Hi I have a Belarus 560 tractor when I brought it was always slow to turn over so brought a new battery for it only to find out the starter motor is 24 volt and all the 24-volt stuff had been taken off it i can start it on 12 volt but it's slow to turn over.is there any 12-volt starter motor I could fit to it i have been told you can adapt other 12-volt starter motors to it.has anyone put a starter off something else .thank you


----------



## endrow (Dec 15, 2011)

Aplenty


----------



## Ox76 (Oct 22, 2018)

A competent motor/alternator/starter shop can rewire your current starter to be 12 volts but I wouldn't know if that would be cheaper or more expensive for you. I guess you'd have to make a few calls. If it were me I'd bite the bullet and get a reduction gear starter for it and forget about it for the next say......25 years or more.


----------



## Trillium Farm (Dec 18, 2014)

The electricals were the worse part of those tractors , but if maintained they seem to run forever and easy to repair in the field.

This is the main reason why they are so disliked every where, but the new ones are a lot lot better and on the used market they can be real bargoons because of that reputation which now I'm not so sure they deserve now.


----------



## Ox76 (Oct 22, 2018)

Kind of like Zetor tractors. They make, or made, tractors for John Deere that I know of for sure. Lots of folks buying the medium size John Deere machines and think they're getting an actual John Deere would be surprised to find out they just paid premium for a Zetor! Funny stuff.

I have a Zetor 5211. Great little economical, heavy grunt of a machine. No regrets. It'll put out 50 hp at around 2.5 gallons per hour. Strange way of doing the live PTO with a hand clutch, but works great, and using this feature actually disengages the hydraulic pump (which runs in gear oil!) for cold starts. Makes a huge difference in cold starting.


----------



## Farmer680 (Dec 8, 2013)

Hi the Belarus is extremely reliable once it's running but just getting it to turn over fast enough is the problem


----------



## Farmer680 (Dec 8, 2013)

Whats a reduction geared starter


----------



## Farmer680 (Dec 8, 2013)

endrow said:


> Aplenty


thank you much appreciated


----------



## bool (Mar 14, 2016)

Farmer680 said:


> Whats a reduction geared starter


A starter motor with a reduction gear in it. Electric motor spins faster. Grunty, reliable. Expensive but you get what you pay for,

Roger


----------



## mlappin (Jun 25, 2009)

Gear reduction starter made all the difference in how our 1600 Oliver starts, old indirect injection engine weren't fond of the cold.


----------



## Ox76 (Oct 22, 2018)

mlappin said:


> Gear reduction starter made all the difference in how our 1600 Oliver starts, old indirect injection engine weren't fond of the cold.
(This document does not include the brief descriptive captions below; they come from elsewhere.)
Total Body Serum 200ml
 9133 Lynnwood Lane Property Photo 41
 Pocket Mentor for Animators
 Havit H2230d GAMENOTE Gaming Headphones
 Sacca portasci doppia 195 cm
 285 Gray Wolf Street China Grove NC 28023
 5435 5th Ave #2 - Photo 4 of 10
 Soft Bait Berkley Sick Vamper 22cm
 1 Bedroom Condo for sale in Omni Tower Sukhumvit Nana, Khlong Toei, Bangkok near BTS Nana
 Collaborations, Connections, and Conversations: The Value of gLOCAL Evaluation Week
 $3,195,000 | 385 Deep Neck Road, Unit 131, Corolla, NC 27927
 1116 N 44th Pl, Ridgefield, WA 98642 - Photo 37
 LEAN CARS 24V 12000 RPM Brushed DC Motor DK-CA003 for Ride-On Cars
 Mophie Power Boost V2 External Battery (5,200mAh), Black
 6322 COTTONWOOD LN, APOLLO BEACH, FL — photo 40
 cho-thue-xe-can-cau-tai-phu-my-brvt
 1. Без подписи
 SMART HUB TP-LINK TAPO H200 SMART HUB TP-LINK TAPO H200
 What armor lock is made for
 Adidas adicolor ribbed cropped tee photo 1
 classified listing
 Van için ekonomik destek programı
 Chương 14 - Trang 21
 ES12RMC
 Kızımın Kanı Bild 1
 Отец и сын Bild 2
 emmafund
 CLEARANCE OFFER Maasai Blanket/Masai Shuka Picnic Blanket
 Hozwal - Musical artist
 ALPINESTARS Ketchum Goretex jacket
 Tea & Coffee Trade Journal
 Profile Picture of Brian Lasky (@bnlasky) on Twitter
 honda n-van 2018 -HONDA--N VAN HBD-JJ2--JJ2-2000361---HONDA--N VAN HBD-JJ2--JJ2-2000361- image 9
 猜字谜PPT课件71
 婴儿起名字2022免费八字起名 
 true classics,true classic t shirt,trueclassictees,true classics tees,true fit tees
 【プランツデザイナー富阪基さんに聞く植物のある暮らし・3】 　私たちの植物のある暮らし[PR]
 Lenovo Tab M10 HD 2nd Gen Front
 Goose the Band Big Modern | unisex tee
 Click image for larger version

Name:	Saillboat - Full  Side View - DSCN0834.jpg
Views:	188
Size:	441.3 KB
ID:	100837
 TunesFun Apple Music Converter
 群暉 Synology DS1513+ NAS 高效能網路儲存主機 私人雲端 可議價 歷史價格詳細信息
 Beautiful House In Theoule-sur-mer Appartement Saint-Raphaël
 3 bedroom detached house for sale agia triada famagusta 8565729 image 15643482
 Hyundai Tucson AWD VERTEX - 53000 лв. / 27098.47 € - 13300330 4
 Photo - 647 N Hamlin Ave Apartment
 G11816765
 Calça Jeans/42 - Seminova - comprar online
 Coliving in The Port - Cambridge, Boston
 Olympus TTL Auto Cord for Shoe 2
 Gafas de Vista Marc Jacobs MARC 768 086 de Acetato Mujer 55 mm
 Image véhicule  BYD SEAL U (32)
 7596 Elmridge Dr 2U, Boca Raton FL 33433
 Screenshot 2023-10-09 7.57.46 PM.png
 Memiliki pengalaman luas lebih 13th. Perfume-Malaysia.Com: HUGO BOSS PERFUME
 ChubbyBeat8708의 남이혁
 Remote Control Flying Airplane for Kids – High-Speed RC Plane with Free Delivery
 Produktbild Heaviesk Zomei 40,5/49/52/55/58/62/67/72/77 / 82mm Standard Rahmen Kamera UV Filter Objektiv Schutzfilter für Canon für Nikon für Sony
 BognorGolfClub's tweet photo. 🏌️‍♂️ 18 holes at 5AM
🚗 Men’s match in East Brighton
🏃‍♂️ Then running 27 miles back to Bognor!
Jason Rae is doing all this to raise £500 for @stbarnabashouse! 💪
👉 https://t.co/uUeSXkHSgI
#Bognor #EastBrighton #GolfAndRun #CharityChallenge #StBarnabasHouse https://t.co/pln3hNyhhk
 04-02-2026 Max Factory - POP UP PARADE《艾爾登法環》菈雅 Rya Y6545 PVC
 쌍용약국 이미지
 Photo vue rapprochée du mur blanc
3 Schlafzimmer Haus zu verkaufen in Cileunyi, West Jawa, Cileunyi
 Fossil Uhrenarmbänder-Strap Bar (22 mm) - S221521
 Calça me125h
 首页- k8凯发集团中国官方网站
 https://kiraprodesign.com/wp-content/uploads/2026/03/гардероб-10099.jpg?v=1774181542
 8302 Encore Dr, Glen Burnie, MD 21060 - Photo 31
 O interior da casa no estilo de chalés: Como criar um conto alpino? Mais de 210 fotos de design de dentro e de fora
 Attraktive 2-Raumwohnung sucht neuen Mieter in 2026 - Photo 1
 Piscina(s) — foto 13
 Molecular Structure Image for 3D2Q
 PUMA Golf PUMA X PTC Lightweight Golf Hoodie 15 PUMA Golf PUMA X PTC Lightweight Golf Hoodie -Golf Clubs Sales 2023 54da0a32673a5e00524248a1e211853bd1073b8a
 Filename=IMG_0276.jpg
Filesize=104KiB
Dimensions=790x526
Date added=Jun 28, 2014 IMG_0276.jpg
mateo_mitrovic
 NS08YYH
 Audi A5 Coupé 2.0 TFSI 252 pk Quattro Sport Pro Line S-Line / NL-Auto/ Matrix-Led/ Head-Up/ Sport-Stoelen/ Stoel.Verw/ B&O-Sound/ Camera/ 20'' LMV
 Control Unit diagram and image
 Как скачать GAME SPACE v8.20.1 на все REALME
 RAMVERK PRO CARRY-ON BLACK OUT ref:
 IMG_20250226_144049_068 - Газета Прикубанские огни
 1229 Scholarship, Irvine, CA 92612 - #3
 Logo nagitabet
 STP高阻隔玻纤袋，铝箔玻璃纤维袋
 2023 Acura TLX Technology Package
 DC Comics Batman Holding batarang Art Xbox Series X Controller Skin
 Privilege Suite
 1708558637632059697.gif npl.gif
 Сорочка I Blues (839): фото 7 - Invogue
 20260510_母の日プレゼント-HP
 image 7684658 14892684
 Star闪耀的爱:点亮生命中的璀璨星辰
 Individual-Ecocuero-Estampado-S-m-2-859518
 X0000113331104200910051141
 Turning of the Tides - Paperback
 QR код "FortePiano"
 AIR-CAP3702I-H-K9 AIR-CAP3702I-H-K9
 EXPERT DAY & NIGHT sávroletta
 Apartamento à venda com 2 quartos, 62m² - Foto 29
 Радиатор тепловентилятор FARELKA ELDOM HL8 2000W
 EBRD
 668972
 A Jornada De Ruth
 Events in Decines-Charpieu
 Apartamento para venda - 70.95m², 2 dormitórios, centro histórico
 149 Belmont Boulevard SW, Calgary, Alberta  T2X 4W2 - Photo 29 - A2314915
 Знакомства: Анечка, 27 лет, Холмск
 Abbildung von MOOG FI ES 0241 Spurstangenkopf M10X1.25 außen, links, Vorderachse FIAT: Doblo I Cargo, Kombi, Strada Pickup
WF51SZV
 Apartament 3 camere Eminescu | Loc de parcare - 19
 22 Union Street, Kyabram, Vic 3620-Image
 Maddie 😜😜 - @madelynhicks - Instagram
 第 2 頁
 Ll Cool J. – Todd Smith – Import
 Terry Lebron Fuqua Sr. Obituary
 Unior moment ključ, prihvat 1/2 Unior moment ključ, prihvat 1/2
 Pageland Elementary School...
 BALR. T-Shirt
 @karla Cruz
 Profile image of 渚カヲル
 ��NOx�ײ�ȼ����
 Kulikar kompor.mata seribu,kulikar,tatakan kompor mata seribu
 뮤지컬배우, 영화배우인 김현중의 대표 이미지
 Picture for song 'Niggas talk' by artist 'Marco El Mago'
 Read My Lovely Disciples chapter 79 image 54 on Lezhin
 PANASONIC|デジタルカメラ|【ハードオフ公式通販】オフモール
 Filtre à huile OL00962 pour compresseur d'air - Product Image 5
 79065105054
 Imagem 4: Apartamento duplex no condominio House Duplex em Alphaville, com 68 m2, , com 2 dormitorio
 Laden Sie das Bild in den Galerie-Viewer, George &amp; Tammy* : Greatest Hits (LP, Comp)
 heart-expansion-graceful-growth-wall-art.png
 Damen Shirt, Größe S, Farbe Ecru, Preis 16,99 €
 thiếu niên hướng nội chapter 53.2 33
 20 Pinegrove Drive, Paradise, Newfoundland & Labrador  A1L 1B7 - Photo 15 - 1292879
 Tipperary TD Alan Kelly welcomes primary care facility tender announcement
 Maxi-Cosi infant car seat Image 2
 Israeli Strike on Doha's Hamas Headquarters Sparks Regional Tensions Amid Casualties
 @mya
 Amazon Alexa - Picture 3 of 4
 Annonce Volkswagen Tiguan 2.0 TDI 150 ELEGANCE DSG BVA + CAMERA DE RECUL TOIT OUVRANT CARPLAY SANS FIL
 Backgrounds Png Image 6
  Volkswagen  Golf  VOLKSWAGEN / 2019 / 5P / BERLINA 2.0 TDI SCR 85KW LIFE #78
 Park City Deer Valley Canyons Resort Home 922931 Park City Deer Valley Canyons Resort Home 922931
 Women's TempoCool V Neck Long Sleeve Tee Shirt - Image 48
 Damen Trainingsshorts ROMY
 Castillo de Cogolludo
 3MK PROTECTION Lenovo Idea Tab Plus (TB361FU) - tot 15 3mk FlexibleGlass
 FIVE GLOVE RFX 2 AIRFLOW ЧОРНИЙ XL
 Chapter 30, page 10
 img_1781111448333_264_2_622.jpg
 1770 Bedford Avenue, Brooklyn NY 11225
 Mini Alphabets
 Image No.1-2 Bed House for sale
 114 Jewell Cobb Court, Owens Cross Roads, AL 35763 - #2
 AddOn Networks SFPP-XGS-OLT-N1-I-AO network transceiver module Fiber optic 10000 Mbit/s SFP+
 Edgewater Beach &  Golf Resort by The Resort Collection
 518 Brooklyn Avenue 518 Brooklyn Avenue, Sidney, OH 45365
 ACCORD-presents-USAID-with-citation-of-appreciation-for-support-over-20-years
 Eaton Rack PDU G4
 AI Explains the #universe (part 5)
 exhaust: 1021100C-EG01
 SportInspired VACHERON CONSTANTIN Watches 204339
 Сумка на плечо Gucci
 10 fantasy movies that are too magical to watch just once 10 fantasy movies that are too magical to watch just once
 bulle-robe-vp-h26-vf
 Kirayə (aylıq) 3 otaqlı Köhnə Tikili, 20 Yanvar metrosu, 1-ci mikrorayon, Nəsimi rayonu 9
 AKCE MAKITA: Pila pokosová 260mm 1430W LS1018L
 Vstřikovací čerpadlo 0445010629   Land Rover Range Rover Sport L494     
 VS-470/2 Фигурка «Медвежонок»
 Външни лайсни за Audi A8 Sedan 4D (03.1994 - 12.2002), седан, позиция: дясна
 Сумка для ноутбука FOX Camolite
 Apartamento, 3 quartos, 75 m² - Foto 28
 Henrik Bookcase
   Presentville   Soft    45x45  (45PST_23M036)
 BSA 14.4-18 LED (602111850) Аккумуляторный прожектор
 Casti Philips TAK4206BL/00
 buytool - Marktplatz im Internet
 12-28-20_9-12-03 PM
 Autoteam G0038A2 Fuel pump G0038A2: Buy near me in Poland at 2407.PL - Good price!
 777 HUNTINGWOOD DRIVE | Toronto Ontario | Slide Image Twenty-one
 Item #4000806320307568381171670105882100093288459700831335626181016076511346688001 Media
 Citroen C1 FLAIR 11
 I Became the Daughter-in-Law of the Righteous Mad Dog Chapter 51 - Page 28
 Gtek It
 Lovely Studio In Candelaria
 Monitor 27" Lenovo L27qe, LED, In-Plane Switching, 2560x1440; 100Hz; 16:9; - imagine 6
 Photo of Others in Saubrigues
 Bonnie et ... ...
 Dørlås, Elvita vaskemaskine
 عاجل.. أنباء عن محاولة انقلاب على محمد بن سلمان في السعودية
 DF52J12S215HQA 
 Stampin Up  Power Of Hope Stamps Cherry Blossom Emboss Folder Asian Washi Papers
You said a mouthful there. I've got a 1964 Oliver 1600 industrial with Parsons loader and backhoe, and of course she's the indirect injection 265 Waukesha. I rebuilt it years ago and it's only got maybe 500 hours on it since and it helped with the starting, but still don't like much below 25 F or so. Cold weather is not our friend. But efficiency is! And the ability to burn sub-par fuels is in our wheelhouse too, if needed. I need to get the gear reduction starter one of these days....I had the original one rebuilt.


----------